REQUIRED WORK
Please produce an exact copy of only the lines from the one with "Delicious Easy Buffalo" through the last one of the material, without pictures.

INPUT DATA
■ ■ ■

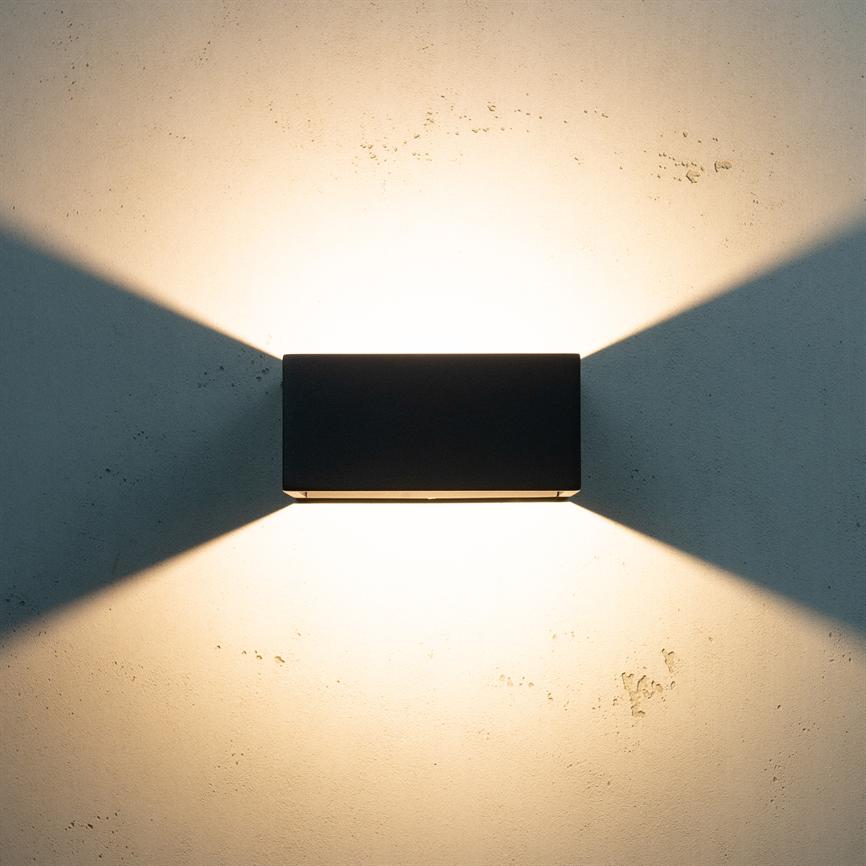 A black rectangular wall lamp emits warm cone-shaped beams of light upwards and downwards, projecting symmetrical triangular shadows on a light, lightly textured wall.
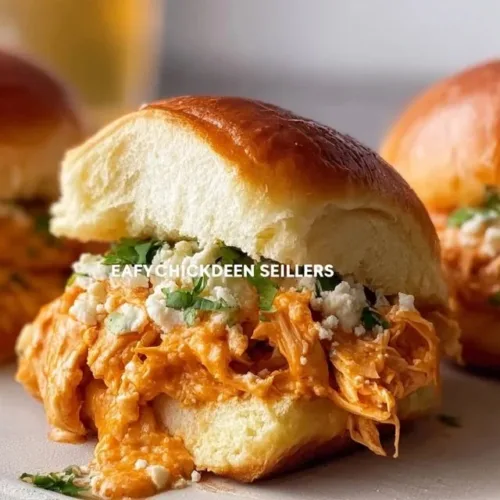 Delicious Easy Buffalo Chicken Sliders served on a platter with garnishes.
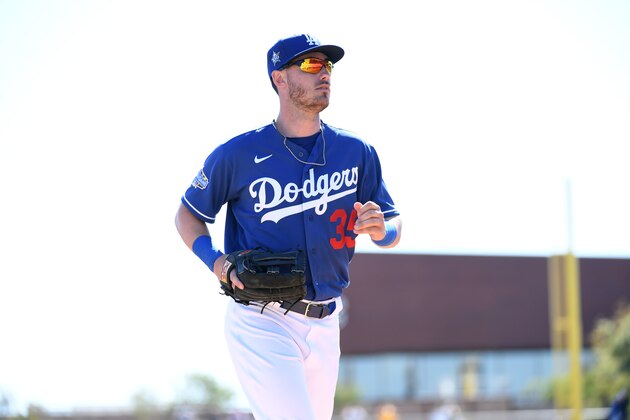 GLENDALE, ARIZONA - FEBRUARY 26: Cody Bellinger #35 of the Los Angeles Dodgers runs into the dugout from the outfield during a spring training game against the Los Angeles Angels at Camelback Ranch on February 26, 2020 in Glendale, Arizona. (Photo by Norm Hall/Getty Images) GLENDALE, ARIZONA - FEBRUARY 26: Cody Bellinger #35 of the Los Angeles Dodgers runs into the dugout from the outfield during a spring training game against the Los Angeles Angels at Camelback Ranch on February 26, 2020 in Glendale, Arizona. (Photo by Norm Hall/Getty Images)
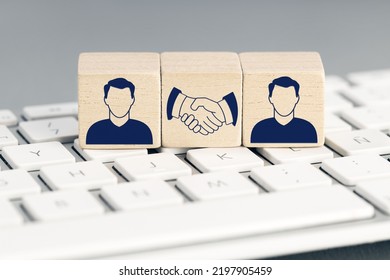 Online Deal Concept  Two Human Icon And Handshake Icon On Wooden Blocks On Computer Keyboard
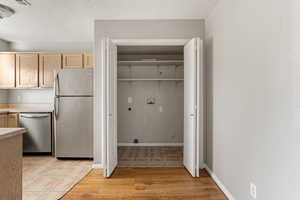 Laundry room with tile floors, a textured ceiling, washer hookup, and electric dryer hookup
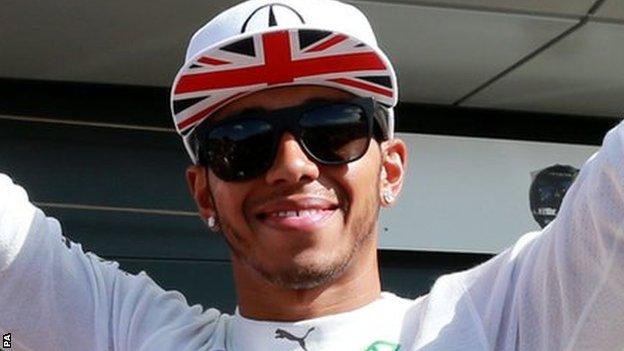 Lewis Hamilton celebrates winning the the 2014 British Grand Prix at Silverstone Circuit,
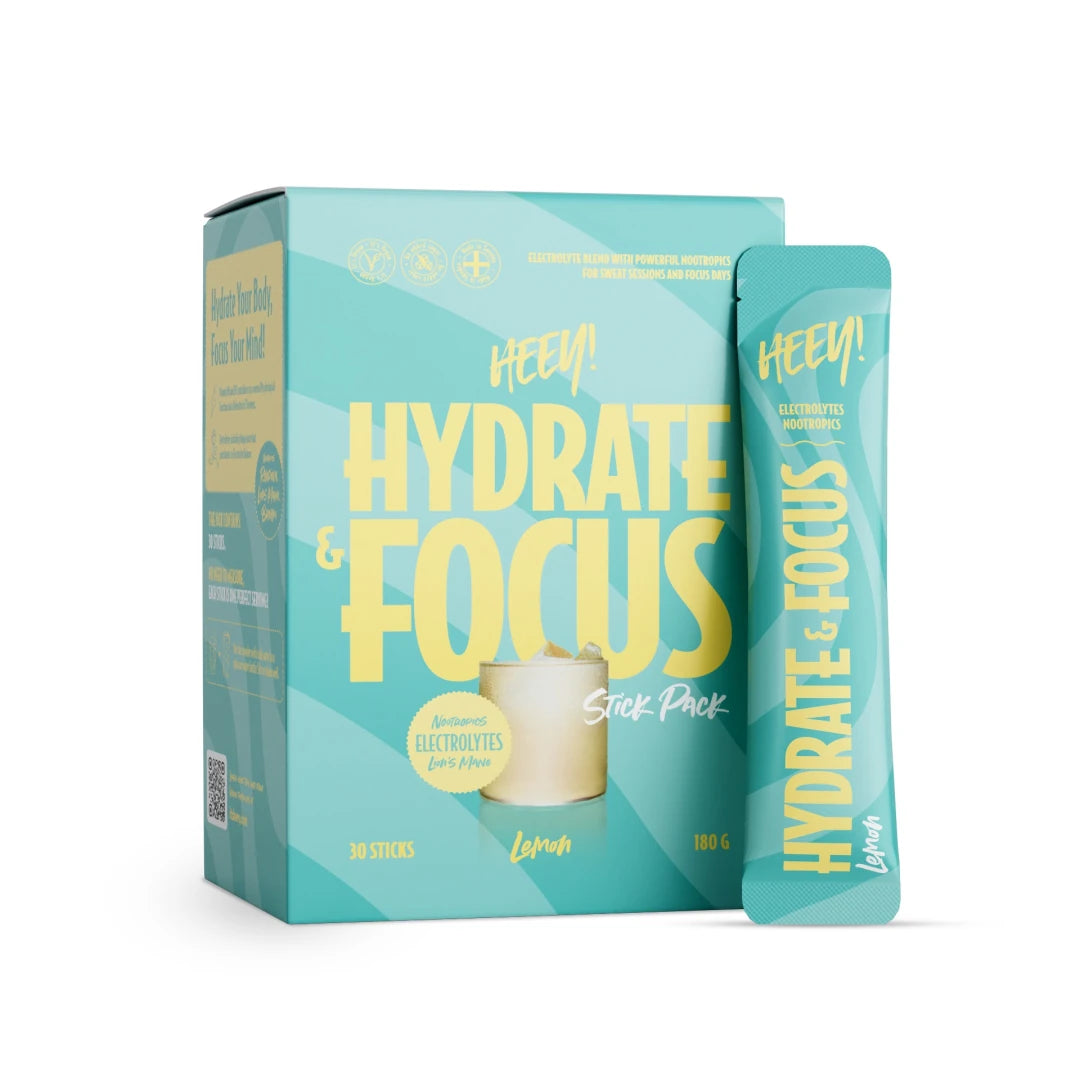 Heey! Hydrate & Focus Electrolytes + Lions Mane 30 x Stick Pack Lemon turkoosissa rasiassa ja annospussissa.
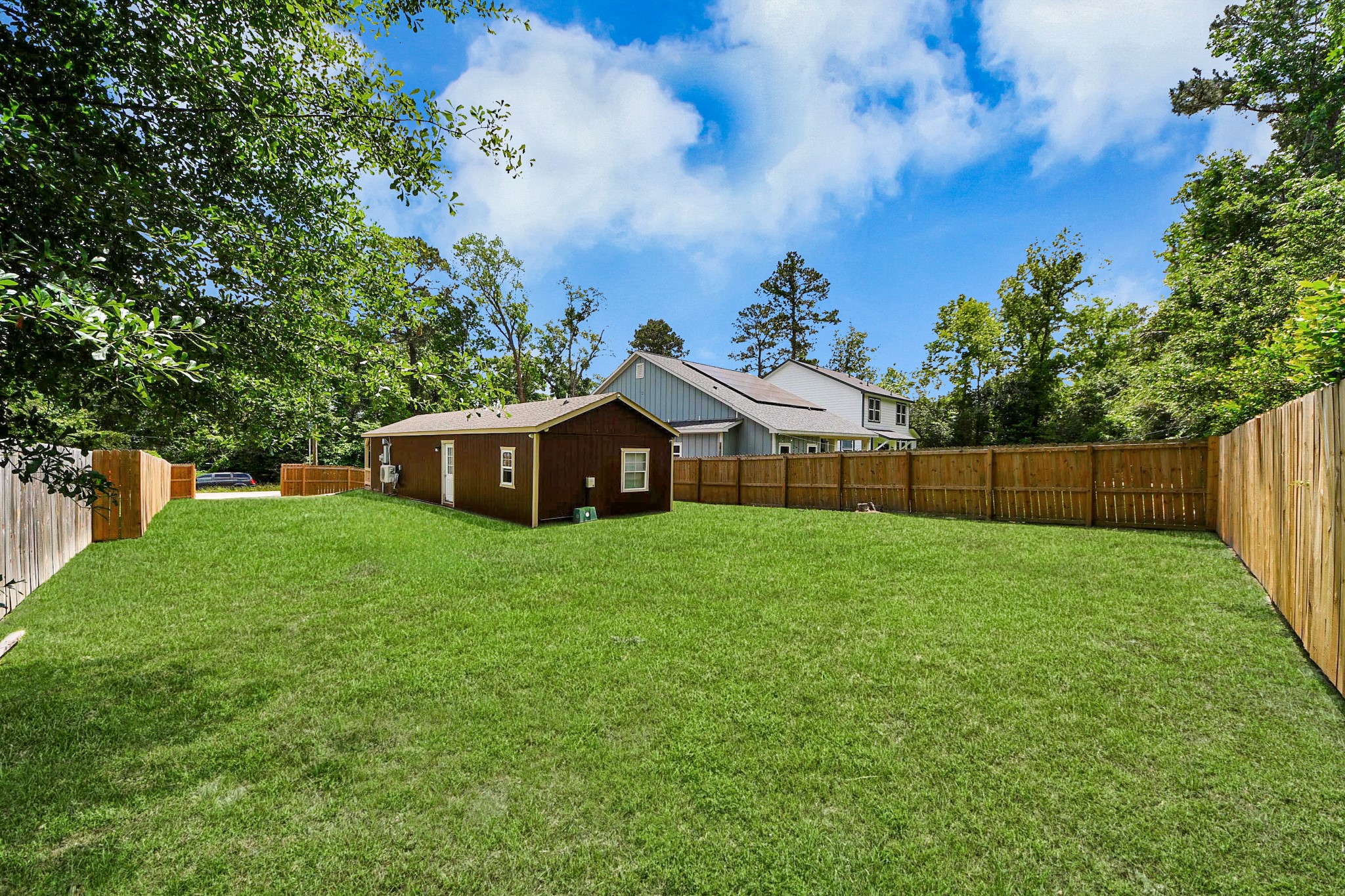 14961 Lamar Road Willis, TX 77378 - Photo 26 of 31 Expansive fenced yard offering privacy and endless possibilities.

■ ■ ■

YOUR RESPONSE
 Delicious Easy Buffalo Chicken Sliders served on a platter with garnishes.
 GLENDALE, ARIZONA - FEBRUARY 26: Cody Bellinger #35 of the Los Angeles Dodgers runs into the dugout from the outfield during a spring training game against the Los Angeles Angels at Camelback Ranch on February 26, 2020 in Glendale, Arizona. (Photo by Norm Hall/Getty Images) GLENDALE, ARIZONA - FEBRUARY 26: Cody Bellinger #35 of the Los Angeles Dodgers runs into the dugout from the outfield during a spring training game against the Los Angeles Angels at Camelback Ranch on February 26, 2020 in Glendale, Arizona. (Photo by Norm Hall/Getty Images)
 Online Deal Concept  Two Human Icon And Handshake Icon On Wooden Blocks On Computer Keyboard
 Laundry room with tile floors, a textured ceiling, washer hookup, and electric dryer hookup
 Lewis Hamilton celebrates winning the the 2014 British Grand Prix at Silverstone Circuit,
 Heey! Hydrate & Focus Electrolytes + Lions Mane 30 x Stick Pack Lemon turkoosissa rasiassa ja annospussissa.
 14961 Lamar Road Willis, TX 77378 - Photo 26 of 31 Expansive fenced yard offering privacy and endless possibilities.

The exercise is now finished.